Reviewed by Linda Edwards
Adelaide Rep’s final offering for the year, “Don’t Dress for Dinner”, would be a great English bedroom farce if it wasn’t for the fact that it’s French. The original version (called “Pyjamas Pour Six”) was written by popular French playwright Marc Camoletti, best known for “Boeing Boeing”, and the English adaptation was penned by Robin Hawdon. In the hands of experienced director Norm Caddick and a strong cast, it makes for an hilarious night of entertainment for Adelaide audiences. The two plays share many similarities, including a string of lies and increasingly unlikely deceptions orchestrated by Bernard and aided unwillingly by his best friend Robert. This Adelaide Rep production and the recent St. Jude’s production of “Boeing Boeing” share Tim Taylor in the role of Robert.

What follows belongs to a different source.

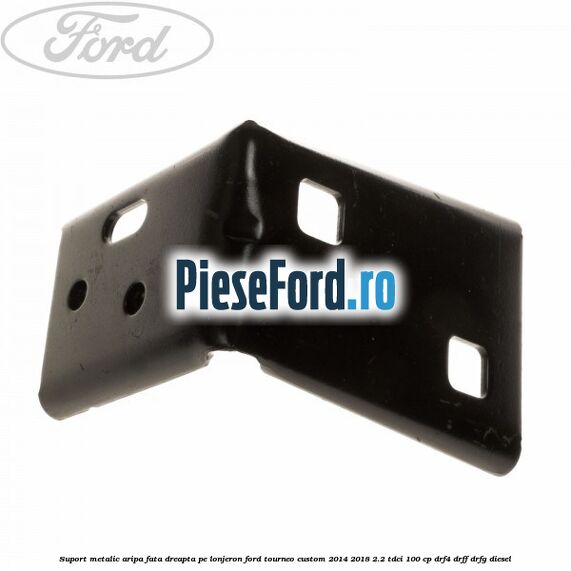 Suport metalic aripa fata dreapta pe lonjeron Ford Tourneo Custom 2014-2018 2.2 TDCi 100 cp DRF4, DRFF, DRFG diesel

In typical farce fashion, the premise is flimsy and rather silly, and revolves around a planned weekend of dalliance for Bernard and his mistress Suzanne while his wife Jacqueline is away at her mother’s. The plan begins to go awry when Jacqueline learns that Robert is also arriving for the weekend, and since she is having an affair with him, she decides to stay home. To explain Suzanne’s presence, Bernard coerces Robert into pretending Suzanne is his mistress, but unfortunately he mistakes the hired cook Suzette for Suzanne, and the result is the typical chaos bedroom farces are famous for. Peter Davies and Tim Taylor play philandering husband Bernard and best friend Robert respectively, and both have the exquisite timing required for a farce of this type. Their energy is unflagging, and their enjoyment of the hectic and increasingly panic-stricken proceedings is obvious. Georgia Stockham is a powerhouse and is completely believable as Jacqueline, who both suspects her husband is having an affair and eagerly anticipates furthering her own secret affair with Robert.

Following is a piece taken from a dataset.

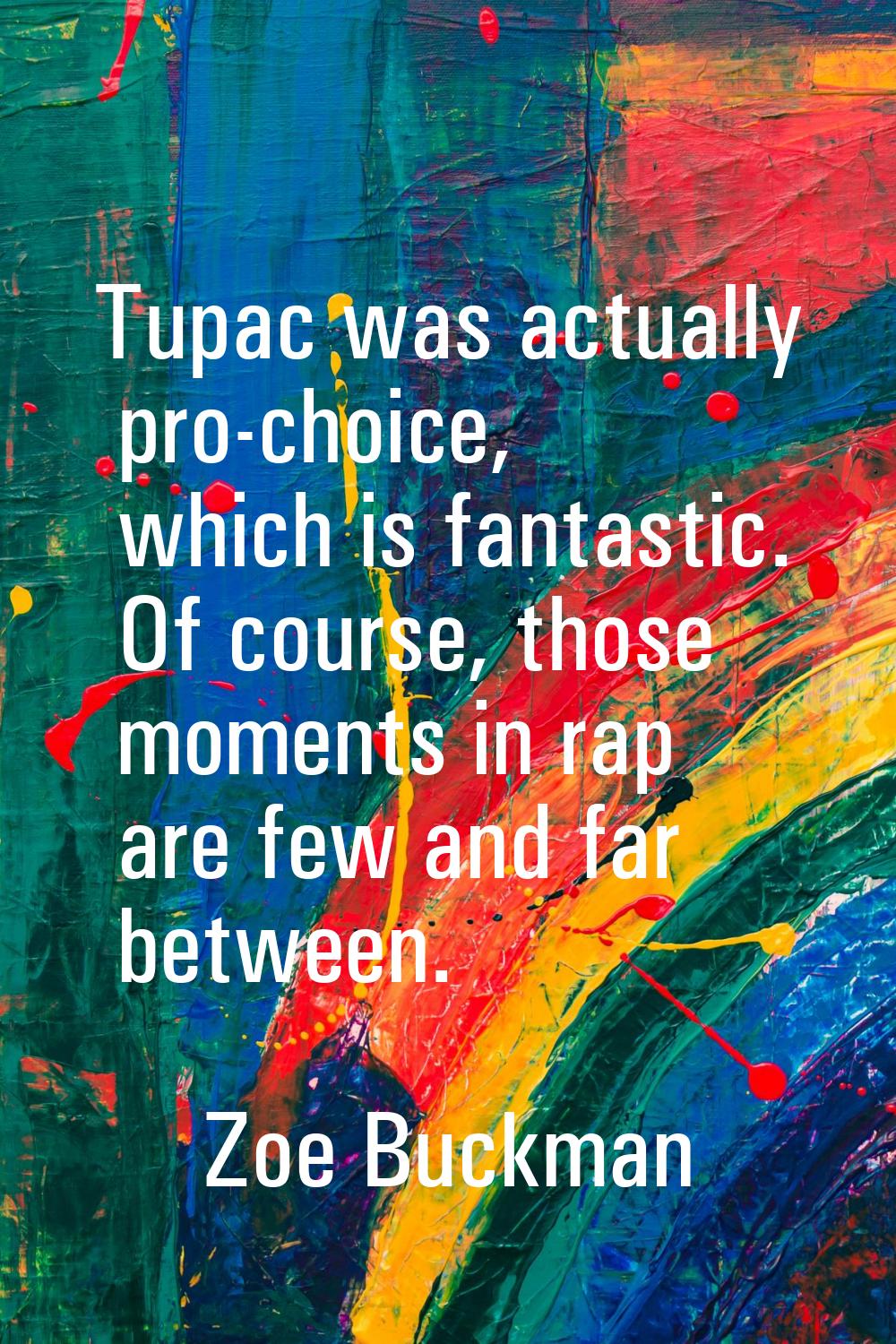 Tupac was actually pro-choice, which is fantastic. Of course, those moments in rap are few and far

One of the real plum roles in the play is that of the hired Cordon Bleu cook Suzette, who plays along with the string of deceptions the men devise to keep themselves out of trouble – as long as they pay her, of course. Rose Vallen more than does the role justice and transforms from agency cook to a supposed sexy Parisian model with relish. Her physicality and expressions keep the audience in stitches. Caryn Rogers plays the tall and glamorous Parisian model Suzanne well, and while Stuart Pearce appears only briefly, he does a fine job as faithful husband George. Director Norm Caddick is one of the most experienced directors in Adelaide and has an obvious understanding of the farce genre and the level of energy required. The result is a tight production that makes the most of all the comedy the script allows.
The production values are also high and the set design of the rustic renovated farmhouse by Lisa Kennewell is perfect. “Don’t Dress for Dinner” has always rivalled “Boeing Boeing” in popularity, with the English version running for six years in London after its UK premiere in 1991. It has not lost its appeal for fans of farce and this production will not disappoint.